Synthesis of selective nanomaterials for industrial use
Fossil fuels can count their days as a key piece of the energy system. Industry knows that, and gets ready for that moment. Manuel Moliner, PhD in Chemical Sciences at the Polytechnic University of Valencia (Spain), works at the Chemical Technology Institute (ITQ-CSIC) where he focused his research to the creation of selective nanomaterials which allow saving time and, at the same time, become feasible alternatives to the dependence on coal, gas and oil.

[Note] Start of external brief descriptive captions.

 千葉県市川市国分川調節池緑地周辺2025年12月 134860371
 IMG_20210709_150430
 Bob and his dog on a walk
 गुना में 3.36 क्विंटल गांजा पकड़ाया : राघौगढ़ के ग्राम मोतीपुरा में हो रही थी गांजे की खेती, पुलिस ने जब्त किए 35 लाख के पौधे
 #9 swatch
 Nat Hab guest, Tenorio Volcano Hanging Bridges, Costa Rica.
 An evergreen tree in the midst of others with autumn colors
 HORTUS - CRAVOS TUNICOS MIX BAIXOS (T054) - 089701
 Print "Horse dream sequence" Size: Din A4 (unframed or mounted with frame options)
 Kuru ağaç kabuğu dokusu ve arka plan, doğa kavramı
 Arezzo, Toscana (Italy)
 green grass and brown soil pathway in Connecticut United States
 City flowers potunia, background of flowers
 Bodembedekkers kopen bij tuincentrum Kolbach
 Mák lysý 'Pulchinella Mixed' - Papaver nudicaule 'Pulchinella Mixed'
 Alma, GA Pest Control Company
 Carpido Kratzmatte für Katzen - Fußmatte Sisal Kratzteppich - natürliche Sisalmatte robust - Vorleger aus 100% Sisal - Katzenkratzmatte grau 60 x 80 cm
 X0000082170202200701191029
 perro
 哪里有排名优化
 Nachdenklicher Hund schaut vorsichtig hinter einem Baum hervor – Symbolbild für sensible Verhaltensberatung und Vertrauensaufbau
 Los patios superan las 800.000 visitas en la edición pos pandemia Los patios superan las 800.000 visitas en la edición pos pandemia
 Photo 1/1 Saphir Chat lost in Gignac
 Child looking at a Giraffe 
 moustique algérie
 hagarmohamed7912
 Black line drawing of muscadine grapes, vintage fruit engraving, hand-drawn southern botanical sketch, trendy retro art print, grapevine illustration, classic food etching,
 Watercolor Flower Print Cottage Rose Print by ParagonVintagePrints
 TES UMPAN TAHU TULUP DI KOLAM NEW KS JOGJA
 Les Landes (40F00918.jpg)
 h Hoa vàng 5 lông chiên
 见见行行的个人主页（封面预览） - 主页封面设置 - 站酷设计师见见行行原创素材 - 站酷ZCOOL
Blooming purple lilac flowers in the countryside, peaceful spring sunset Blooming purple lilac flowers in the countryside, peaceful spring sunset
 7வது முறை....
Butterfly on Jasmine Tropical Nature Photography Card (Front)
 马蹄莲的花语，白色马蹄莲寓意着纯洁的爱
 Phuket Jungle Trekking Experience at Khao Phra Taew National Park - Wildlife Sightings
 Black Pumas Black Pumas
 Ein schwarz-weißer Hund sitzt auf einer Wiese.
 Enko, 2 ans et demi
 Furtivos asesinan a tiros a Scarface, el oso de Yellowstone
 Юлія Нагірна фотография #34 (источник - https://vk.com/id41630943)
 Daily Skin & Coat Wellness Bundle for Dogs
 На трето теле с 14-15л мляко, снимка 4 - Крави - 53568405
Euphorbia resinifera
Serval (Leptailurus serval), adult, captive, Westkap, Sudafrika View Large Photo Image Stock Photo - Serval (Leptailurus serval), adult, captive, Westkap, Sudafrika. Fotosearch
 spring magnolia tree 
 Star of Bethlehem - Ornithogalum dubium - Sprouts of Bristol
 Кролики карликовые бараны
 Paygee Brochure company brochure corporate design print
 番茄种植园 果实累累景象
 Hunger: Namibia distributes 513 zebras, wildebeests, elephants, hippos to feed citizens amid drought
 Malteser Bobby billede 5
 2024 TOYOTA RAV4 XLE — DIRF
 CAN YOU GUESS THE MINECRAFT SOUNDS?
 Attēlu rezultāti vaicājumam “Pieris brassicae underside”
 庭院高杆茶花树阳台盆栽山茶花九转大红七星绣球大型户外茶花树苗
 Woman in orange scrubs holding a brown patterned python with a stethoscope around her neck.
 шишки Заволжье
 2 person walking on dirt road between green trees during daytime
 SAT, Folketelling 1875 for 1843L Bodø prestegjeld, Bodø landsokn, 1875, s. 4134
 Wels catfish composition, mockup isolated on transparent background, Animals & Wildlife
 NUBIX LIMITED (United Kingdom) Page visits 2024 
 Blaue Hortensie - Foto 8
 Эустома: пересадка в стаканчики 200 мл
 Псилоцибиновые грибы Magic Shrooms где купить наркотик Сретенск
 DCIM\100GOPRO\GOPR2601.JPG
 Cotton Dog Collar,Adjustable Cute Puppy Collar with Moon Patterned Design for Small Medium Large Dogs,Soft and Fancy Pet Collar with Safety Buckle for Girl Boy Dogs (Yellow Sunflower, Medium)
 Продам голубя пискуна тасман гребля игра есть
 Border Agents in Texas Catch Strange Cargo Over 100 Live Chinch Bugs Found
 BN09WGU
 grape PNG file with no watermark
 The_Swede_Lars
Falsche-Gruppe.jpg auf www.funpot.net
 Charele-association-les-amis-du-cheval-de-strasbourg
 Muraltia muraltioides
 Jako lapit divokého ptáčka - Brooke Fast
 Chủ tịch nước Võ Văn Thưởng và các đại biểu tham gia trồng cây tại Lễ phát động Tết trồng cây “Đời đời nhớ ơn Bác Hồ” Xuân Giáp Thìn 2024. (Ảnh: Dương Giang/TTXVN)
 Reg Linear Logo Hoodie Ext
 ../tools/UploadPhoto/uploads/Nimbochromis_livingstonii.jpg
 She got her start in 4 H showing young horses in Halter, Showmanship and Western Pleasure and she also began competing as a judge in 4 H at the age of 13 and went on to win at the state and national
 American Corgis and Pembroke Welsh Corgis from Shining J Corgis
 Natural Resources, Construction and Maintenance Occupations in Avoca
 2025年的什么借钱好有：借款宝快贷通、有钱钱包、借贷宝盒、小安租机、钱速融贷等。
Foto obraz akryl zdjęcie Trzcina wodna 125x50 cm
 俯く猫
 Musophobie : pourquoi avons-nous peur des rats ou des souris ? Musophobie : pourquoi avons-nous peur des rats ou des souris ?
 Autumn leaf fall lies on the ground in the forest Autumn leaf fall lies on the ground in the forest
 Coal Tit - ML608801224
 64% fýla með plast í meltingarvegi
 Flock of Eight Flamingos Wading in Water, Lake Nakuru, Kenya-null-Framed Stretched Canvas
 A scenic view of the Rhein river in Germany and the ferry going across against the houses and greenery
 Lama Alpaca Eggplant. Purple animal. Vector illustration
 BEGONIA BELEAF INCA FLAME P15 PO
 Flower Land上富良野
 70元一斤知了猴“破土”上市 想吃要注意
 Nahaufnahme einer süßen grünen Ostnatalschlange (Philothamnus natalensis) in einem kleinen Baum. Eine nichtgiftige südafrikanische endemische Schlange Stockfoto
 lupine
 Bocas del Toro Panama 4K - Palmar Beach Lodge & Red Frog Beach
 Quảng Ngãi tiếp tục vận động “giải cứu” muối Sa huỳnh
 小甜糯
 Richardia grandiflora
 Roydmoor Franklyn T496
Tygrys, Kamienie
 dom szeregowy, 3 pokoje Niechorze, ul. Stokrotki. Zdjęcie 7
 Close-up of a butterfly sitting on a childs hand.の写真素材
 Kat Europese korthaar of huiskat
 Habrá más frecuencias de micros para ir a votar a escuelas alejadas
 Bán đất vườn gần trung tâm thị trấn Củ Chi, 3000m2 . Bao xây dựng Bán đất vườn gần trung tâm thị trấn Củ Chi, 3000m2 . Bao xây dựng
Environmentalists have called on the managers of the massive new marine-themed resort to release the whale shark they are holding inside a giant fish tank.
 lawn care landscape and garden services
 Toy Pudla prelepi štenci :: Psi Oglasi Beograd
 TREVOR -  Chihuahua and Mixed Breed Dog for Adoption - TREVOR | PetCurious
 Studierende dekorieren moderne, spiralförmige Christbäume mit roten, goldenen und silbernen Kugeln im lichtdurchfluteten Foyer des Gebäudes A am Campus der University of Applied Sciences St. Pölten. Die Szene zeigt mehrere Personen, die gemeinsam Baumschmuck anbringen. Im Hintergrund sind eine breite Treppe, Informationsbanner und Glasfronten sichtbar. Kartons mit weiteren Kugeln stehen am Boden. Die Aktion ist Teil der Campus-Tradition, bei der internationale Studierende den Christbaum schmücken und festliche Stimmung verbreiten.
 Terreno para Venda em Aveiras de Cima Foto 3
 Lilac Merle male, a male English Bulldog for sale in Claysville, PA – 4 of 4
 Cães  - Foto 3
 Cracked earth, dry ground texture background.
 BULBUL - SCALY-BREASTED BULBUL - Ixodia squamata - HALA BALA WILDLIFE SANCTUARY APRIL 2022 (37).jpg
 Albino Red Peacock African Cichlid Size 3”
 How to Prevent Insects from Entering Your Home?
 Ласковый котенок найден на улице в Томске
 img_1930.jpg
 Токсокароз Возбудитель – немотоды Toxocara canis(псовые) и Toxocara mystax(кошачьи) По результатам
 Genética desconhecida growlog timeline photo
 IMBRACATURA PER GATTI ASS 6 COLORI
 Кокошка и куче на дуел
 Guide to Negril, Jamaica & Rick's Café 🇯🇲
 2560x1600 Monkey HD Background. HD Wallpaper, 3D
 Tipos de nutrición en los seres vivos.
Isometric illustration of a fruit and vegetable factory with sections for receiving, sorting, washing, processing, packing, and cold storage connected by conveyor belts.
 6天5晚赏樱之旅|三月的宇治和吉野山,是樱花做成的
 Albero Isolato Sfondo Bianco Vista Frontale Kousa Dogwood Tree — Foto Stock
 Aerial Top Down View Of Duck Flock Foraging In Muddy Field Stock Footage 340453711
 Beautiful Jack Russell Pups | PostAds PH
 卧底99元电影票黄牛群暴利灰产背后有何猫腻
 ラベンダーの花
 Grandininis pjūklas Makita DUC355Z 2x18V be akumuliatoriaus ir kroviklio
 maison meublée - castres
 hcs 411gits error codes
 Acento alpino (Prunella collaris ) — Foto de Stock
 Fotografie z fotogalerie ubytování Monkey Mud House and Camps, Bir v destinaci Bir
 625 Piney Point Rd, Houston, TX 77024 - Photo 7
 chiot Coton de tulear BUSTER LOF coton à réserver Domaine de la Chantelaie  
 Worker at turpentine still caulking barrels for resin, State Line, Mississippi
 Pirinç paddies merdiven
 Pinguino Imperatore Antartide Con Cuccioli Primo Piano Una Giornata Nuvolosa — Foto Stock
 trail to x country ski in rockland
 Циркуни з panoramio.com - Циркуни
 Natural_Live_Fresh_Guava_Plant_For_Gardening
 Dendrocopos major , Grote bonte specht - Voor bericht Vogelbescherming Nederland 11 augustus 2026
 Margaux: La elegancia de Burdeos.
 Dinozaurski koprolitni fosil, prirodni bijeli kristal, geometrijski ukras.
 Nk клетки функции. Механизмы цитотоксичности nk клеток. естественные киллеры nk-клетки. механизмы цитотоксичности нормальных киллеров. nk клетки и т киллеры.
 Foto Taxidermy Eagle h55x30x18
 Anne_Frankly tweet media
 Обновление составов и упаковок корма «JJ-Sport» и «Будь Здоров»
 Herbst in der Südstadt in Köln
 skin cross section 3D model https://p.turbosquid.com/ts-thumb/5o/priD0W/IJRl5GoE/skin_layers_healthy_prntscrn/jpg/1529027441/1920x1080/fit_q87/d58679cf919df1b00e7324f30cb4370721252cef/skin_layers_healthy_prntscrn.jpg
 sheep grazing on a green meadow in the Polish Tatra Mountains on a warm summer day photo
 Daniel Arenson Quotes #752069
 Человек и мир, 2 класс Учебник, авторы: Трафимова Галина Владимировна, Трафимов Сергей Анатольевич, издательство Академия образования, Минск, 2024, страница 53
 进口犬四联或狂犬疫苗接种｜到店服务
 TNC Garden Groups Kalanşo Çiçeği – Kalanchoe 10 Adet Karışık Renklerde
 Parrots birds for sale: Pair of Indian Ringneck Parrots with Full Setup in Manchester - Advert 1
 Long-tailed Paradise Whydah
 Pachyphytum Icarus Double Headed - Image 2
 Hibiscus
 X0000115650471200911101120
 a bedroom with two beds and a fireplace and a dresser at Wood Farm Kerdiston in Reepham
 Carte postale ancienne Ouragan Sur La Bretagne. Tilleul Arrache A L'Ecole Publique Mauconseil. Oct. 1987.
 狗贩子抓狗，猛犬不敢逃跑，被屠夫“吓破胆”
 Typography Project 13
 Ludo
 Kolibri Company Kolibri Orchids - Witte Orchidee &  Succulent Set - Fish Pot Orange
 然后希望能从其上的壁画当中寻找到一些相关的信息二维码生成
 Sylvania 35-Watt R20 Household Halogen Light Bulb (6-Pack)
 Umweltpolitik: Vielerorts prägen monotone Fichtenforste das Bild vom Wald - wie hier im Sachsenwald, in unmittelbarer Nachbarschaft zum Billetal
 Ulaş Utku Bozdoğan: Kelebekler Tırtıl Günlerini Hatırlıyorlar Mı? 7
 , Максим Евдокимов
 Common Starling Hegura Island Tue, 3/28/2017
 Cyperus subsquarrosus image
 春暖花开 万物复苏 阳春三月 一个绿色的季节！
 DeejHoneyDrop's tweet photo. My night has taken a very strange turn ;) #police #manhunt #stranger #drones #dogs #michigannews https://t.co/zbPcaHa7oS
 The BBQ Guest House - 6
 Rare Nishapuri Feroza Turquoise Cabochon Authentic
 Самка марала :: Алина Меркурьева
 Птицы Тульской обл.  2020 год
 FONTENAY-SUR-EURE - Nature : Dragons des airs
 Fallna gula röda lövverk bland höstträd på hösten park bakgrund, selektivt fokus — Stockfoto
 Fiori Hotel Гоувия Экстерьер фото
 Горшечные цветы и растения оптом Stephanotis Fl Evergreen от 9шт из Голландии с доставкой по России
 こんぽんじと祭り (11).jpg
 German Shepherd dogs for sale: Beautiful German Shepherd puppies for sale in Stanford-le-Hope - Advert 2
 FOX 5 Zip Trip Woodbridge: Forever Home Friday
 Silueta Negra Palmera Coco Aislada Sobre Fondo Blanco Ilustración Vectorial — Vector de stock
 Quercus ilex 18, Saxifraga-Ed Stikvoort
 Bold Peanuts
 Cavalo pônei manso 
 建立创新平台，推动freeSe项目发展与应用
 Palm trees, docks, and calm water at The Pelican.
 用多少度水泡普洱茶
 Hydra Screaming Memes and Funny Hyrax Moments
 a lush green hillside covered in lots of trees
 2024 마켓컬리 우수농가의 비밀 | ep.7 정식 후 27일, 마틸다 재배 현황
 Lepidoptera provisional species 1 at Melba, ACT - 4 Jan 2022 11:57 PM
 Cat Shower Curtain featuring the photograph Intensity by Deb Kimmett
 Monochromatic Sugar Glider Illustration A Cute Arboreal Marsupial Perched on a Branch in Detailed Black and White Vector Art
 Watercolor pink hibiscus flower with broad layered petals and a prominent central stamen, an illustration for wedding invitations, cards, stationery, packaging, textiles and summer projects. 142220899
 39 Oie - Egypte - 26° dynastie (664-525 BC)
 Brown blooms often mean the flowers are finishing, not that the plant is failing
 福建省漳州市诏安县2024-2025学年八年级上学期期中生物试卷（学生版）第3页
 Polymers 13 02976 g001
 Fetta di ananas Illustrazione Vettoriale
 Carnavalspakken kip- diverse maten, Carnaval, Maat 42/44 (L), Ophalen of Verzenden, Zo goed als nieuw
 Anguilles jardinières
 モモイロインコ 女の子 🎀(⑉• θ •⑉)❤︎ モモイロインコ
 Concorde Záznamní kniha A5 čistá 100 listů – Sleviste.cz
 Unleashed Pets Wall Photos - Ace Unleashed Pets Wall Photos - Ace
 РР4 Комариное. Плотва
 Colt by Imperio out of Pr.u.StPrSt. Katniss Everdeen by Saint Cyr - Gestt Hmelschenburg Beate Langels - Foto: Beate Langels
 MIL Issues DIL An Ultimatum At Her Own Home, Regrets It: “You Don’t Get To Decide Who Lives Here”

Ninety percent of all chemical products are obtained through catalytic processes, which implies that improving these catalyzers is a key challenge. This is precisely what Moliner achieved, with the design of inorganic catalyzers – among which, zeolyte ITQ-33 – which have managed to improve the efficiency of processes such as the refining and cracking of crude oil for diesel and petrol, which allows saving natural resources and minimise the generation of residual compounds as well as CO2 emissions. Such benefits have been well understood by oil multinational ExxonMobile, who has already issued four patents for the ITQ-33 zeolyte synthesised by Moliner by using, additionally, pioneering techniques which find their fundamentals in scientific hypotheses rather than purely combinatory processes.
However, Moliner also works on the other side of the barricade. ‘‘The great goal is to obtain high added value chemicals from biomass, like for instance biofuels'', he says. Along this line, during his stay at the California Technology Institute (CALTECH), Moliner developed an inorganic catalyzer – as he wrote inn the Proceedings of the National Academy of Sciences (PNAS) magazine in 2010 – based on efficient tin centres for the isomerisation of glucose into fructose, which makes the transformation of biomass more efficient and opens a broad spectrum of industrial applications. Among these, the elaboration or plastic polymers, biofuels, or corn syrup rich in fructose (HFCS), which is used as liquid sweetener in an endless number of soft drinks and groceries.
According to Javier Garcia Martinez, Director of the Molecular Nanotechnology Laboratory at the University of Alicante (Spain) and co-founder of Rive Technology, as well as member of the TR35 Spain competition jury, Manuel Moliner is an “excellent'” candidate, renowned for his work in “one of the main research centres in Spain” where he registered a high number of patents with strong industrial applications and has stood out for the ''number and quality of his publications”.